We start with the paper “The DARPA Autonomous Robotic Arm (ARM) Program - Synopsis” by Hacket et al. which provides a general overview of the recent ARM project. The paper motivates the decisions made during the ARM project and gives insights into its history, structure and current state.

In the paper “An Autonomous Manipulation System based on Force Control and Optimization”, Righetti et al. introduce a manipulation architecture that uses force-torque control, variable compliance and optimization methods to realize robust grasping. The architecture includes components for calibration, perception, motion planning, motion primitive execution, inverse kinematics and force control, and, therefore, addresses a number of vital sub-tasks of grasping and manipulation. The efficiency of this approach was demonstrated during competitions in the DARPA ARM project, where Righetti and colleagues were consistently ranked among the top two teams.

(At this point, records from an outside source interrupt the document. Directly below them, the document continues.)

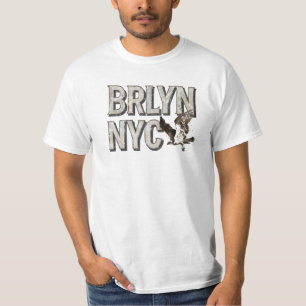 T-SHIRT BRLYN NYC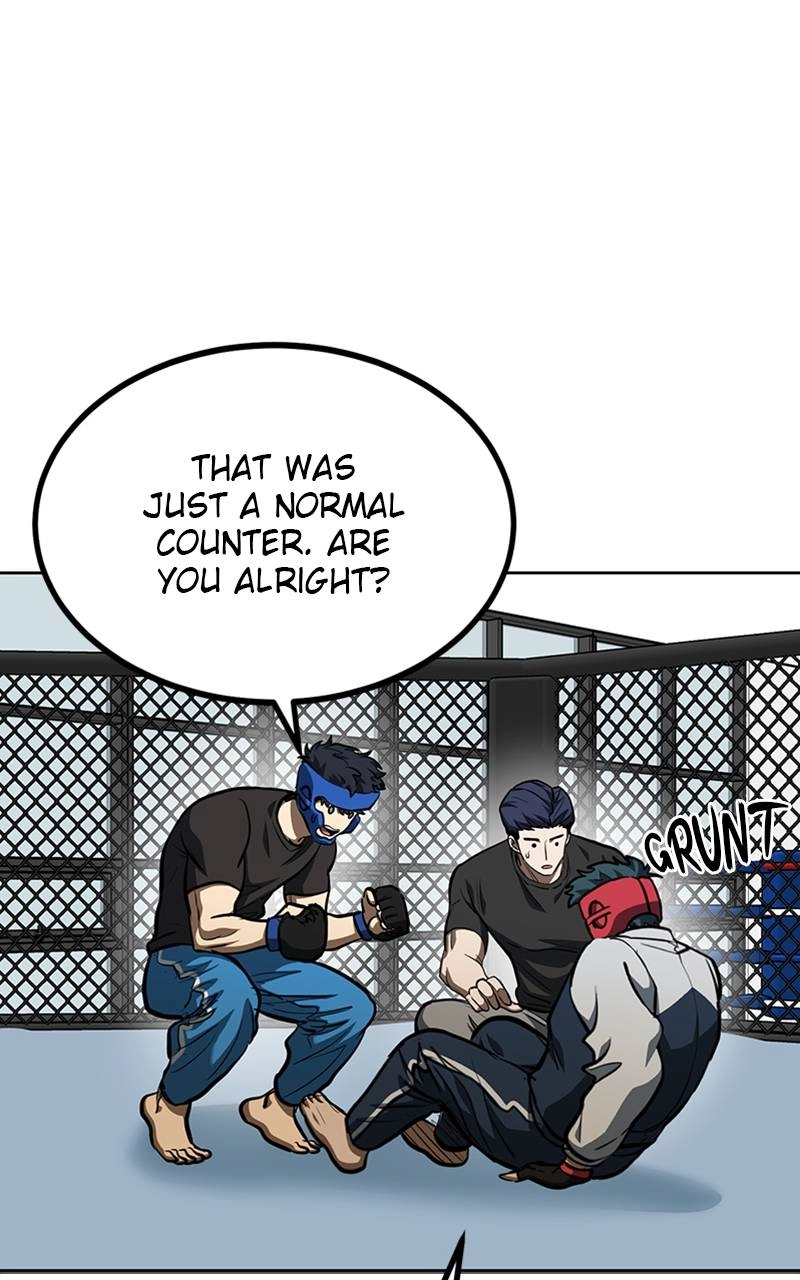 King of the Octagon Chapter 69 - Page 66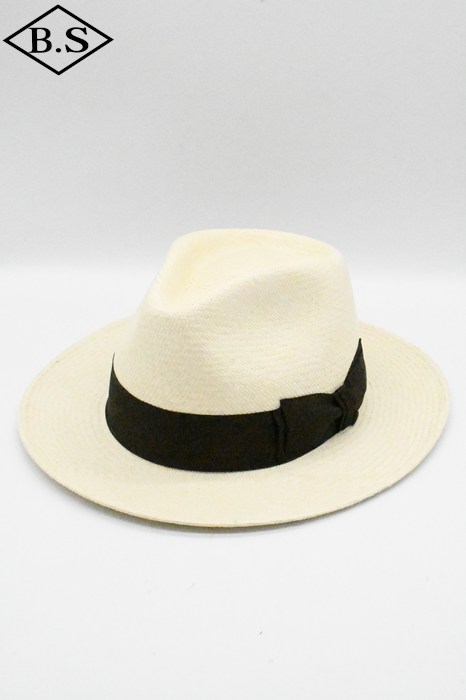 [極美品]SCHOTT THE H.W. DOG&CO N-PANAMA HAT N-PANAMA HAT LONG - Natural – THE H.W.DOG&CO.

The system of another top team at the DARPA ARM project is described in the paper “Model-Based Autonomous System for Performing Dextrous Human-Level Manipulation Tasks” by Hudson et al. from NASA JPL. The paper discusses the challenges faced during the project and the related competition and presents system architecture for autonomous bimanual manipulation. The required perceptual capabilities including mapping, object detection and object tracking are described in detail in the first part of the paper. The second part of the paper focuses on planning, control and action execution. The paper provides important insights into the design choices that were made during the development of the system, as well as their advantages and drawbacks.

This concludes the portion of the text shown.